● **Directions for this task**
The pictures are to be omitted when the entries are reproduced exactly.

[Image-text web data]
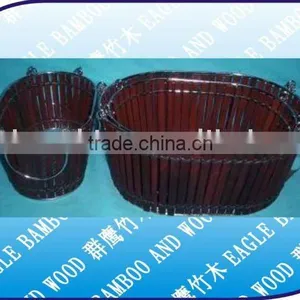 Metal Hanging Baskets thumbnail-1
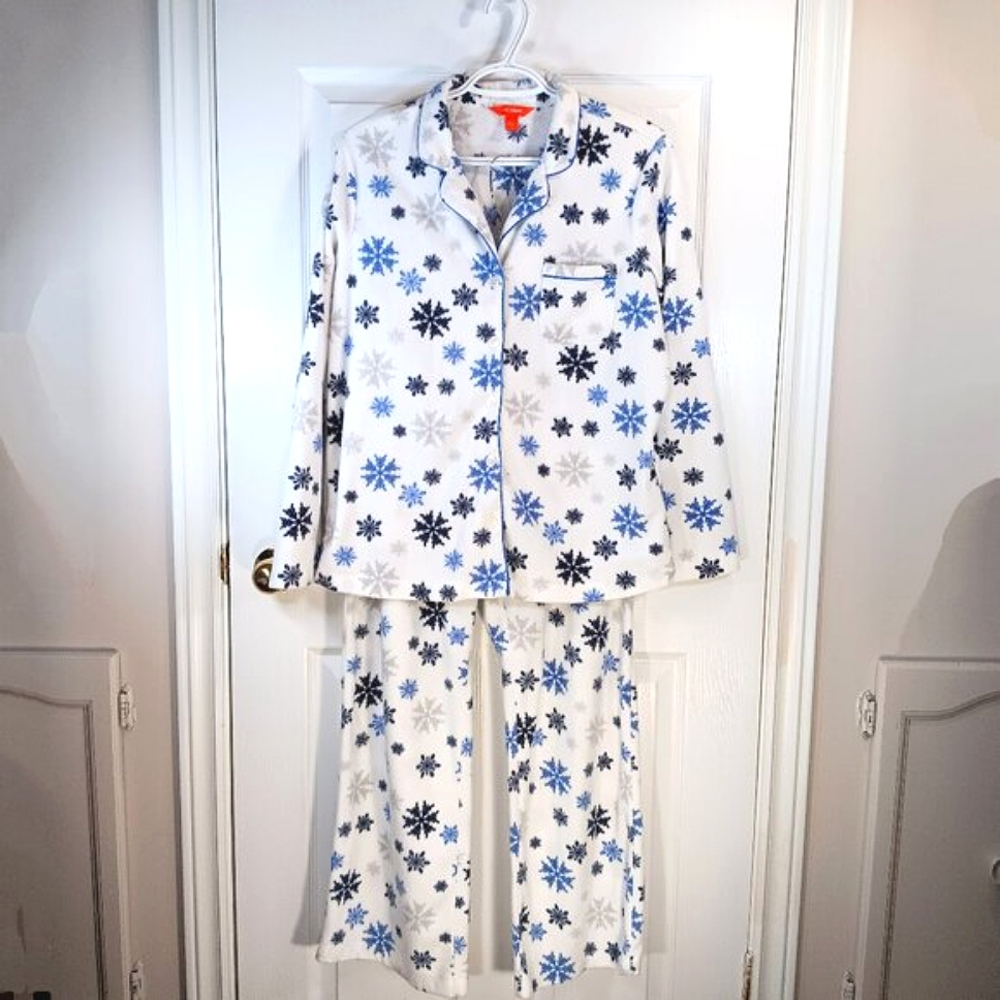 NWOT Joe Fresh Women's Snowflake Fleece Pajamas White Blue Size L Cozy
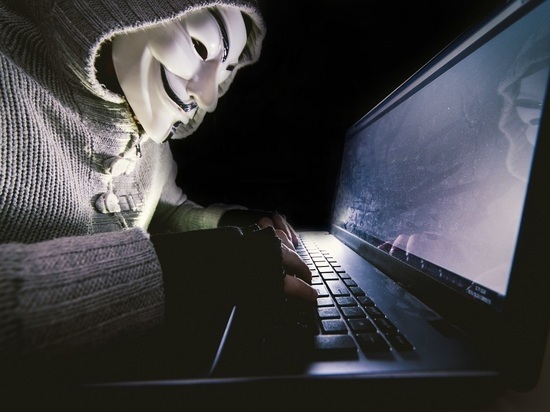 В Хакасии хакер взломал аккаунт девушки c интимными фото и занялся шантажом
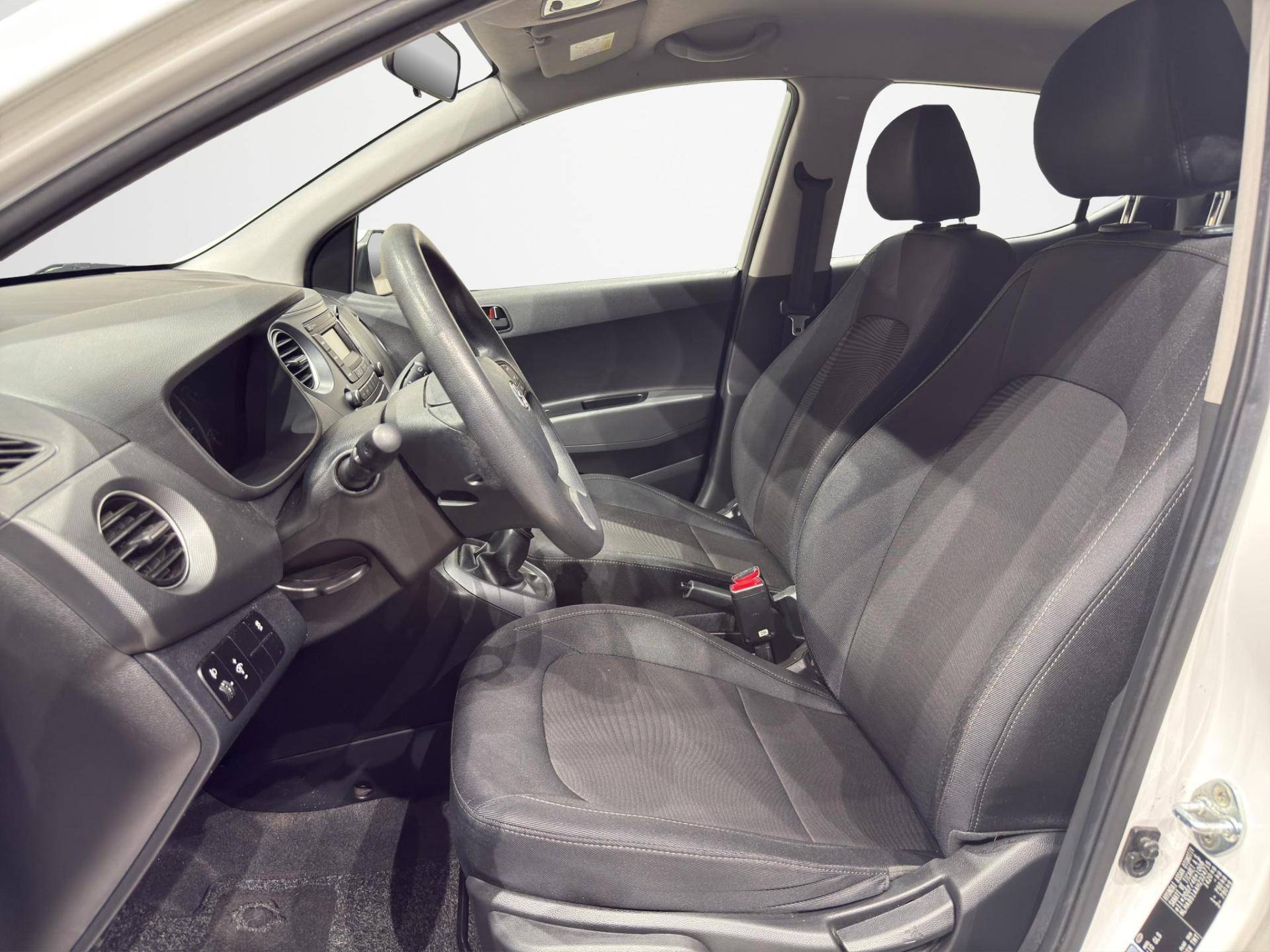 Auto Venduta - HYUNDAI I10 i10 1.0 Classic E6 usata in pronta consegna - Brandini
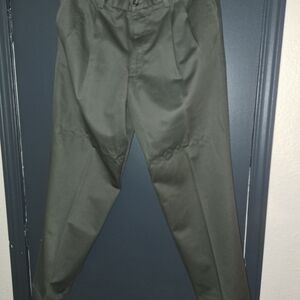 Dockers Men's Dark Gray  Green Dress Pants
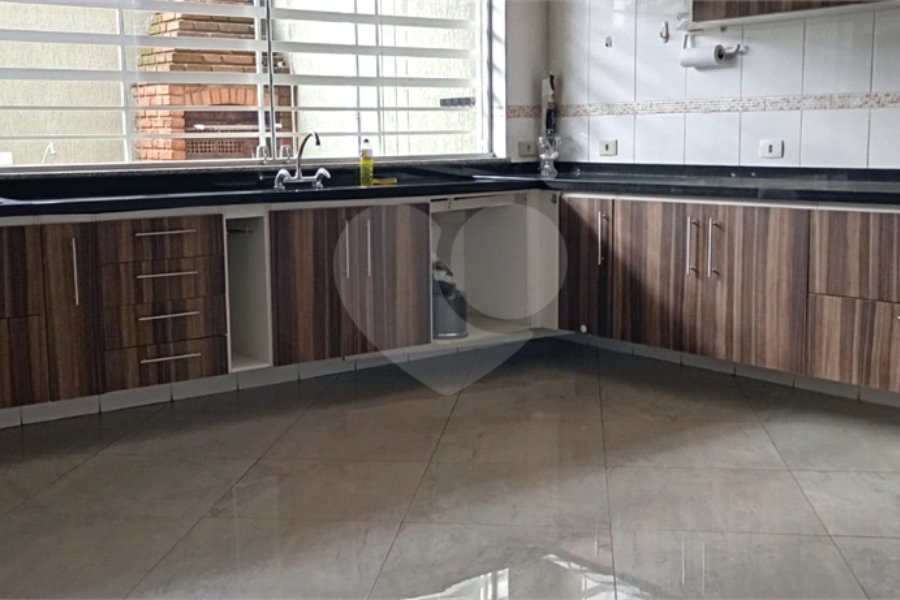 Sobrado à venda com 4 suítes em Vila Albertina, São Paulo, SP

● **Task answer**
 Metal Hanging Baskets thumbnail-1
 NWOT Joe Fresh Women's Snowflake Fleece Pajamas White Blue Size L Cozy
 В Хакасии хакер взломал аккаунт девушки c интимными фото и занялся шантажом
 Auto Venduta - HYUNDAI I10 i10 1.0 Classic E6 usata in pronta consegna - Brandini
 Dockers Men's Dark Gray  Green Dress Pants
 Sobrado à venda com 4 suítes em Vila Albertina, São Paulo, SP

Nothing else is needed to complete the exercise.